RegEx: How can I match all numbers greater than 49?

Try a conditional group matching 50-99 or any string of three or more digits:

var r = /^(?:[5-9]\d|\d{3,})$/

The fact that the first digit has to be in the range 5-9 only applies in case of two digits. So, check for that in the case of 2 digits, and allow any more digits directly:

^([5-9]\d|\d{3,})$

This regexp has beginning/ending anchors to make sure you're checking all digits, and the string actually represents a number.
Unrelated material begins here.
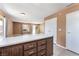 Bright living room featuring an eat-in kitchen island with natural light and tile floors at 1470 Elizabeth Ave # 1, Las Vegas, NV 89119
The | means "or", so either [5-9]\d or any number with 3 or more digits. \d is simply a shortcut for [0-9].

Edit: To disallow numbers like 001:

^([5-9]\d|[1-9]\d{2,})$

This forces the first digit to be not a zero in the case of 3 or more digits.

I know there is already a good answer posted, but it won't allow leading zeros. And I don't have enough reputation to leave a comment, so... Here's my solution allowing leading zeros:

First I match the numbers 50 through 99 (with possible leading zeros):

0*[5-9]\d

Then match numbers of 100 and above (also with leading zeros):

0*[1-9]\d{2,}

Add them together with an "or" and wrap it up to match the whole sentence:

^0*([1-9]\d{2,}|[5-9]\d)$

That's it!

Next matches all greater or equal to 11100:

^([1-9][1-9][1-9]\d{2}\d*|[1-9][2-9]\d{3}\d*|[2-9]\d{4}\d*|\d{6}\d*)$

For greater or equal 50:

^([5-9]\d{1}\d*|\d{3}\d*)$

See pattern and modify to any number. Also it would be great to find some recursive forward/backward operators for large numbers.